Reaksi Pasar dan Dampak Geopolitik
Lonjakan harga minyak menyebabkan penurunan di pasar ekuitas AS. Investor beralih ke aset safe haven seperti emas, yang harganya naik sekitar 1% menjadi US$ 3.413,6 per troy ounce.
Kontrak berjangka Dow turun tajam 1,3% (lebih dari 540 poin), sementara kontrak berjangka S&P 500 dan Nasdaq Composite masing-masing turun 1,4% dan 1,6%. Kondisi ini menunjukkan ketidakpastian pasar yang tinggi.
Ahmad Assiri, Research Strategist Pepperstone, menilai lonjakan harga minyak mencerminkan kekhawatiran akan gangguan pasokan langsung dan meningkatnya berita negatif yang dapat memperpanjang eskalasi konflik. Ia membandingkan situasi ini dengan episode konflik Israel-Iran sebelumnya.
Kekhawatiran Terhadap Konflik yang Lebih Luas dan Potensi Kenaikan Harga Minyak
Kekhawatiran utama yang memicu kenaikan harga minyak adalah potensi meluasnya konflik di Timur Tengah. Aliran minyak melalui Selat Hormuz, jalur vital untuk pasokan minyak global, menjadi sorotan utama.
Andy Lipow, Presiden Lipow Oil Associates, memperkirakan harga minyak bisa melonjak sekitar US$ 7,50 per barel jika konflik menghilangkan minyak Iran dari pasar.
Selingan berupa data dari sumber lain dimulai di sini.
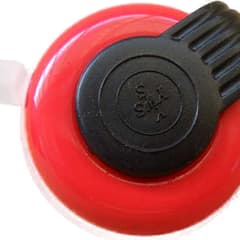 Olympique Classic Bell Black/Red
Ia juga menyinggung sensitivitas isu harga energi bagi pemerintahan AS.
Bob McNally, Presiden Rapidan Energy Group, mencatat bahwa pasar minyak sebelumnya cenderung mengabaikan risiko gangguan geopolitik dari kawasan tersebut. Ia memperkirakan premi risiko akan jauh lebih besar dan memengaruhi harga minyak mentah dalam beberapa hari ke depan.
Priyanka Sachdeva, analis pasar senior di Phillip Nova, memperingatkan bahwa persiapan Iran untuk pembalasan militer meningkatkan risiko gangguan pasokan minyak, bahkan potensi penularan ke negara-negara penghasil minyak tetangga. Keterlibatan AS dalam konflik ini juga akan semakin meningkatkan kekhawatiran pasar.
Kesimpulannya, serangan Israel terhadap Iran telah memicu kenaikan harga minyak yang signifikan dan meningkatkan ketidakpastian geopolitik di Timur Tengah. Potensi meluasnya konflik dan gangguan pasokan minyak melalui Selat Hormuz menjadi ancaman serius yang perlu diwaspadai. Ke depan, perkembangan situasi di Timur Tengah akan terus menjadi faktor penentu utama pergerakan harga minyak dunia. Efek domino dari konflik ini, termasuk dampaknya terhadap pasar saham dan investasi safe haven, patut untuk dipantau secara ketat.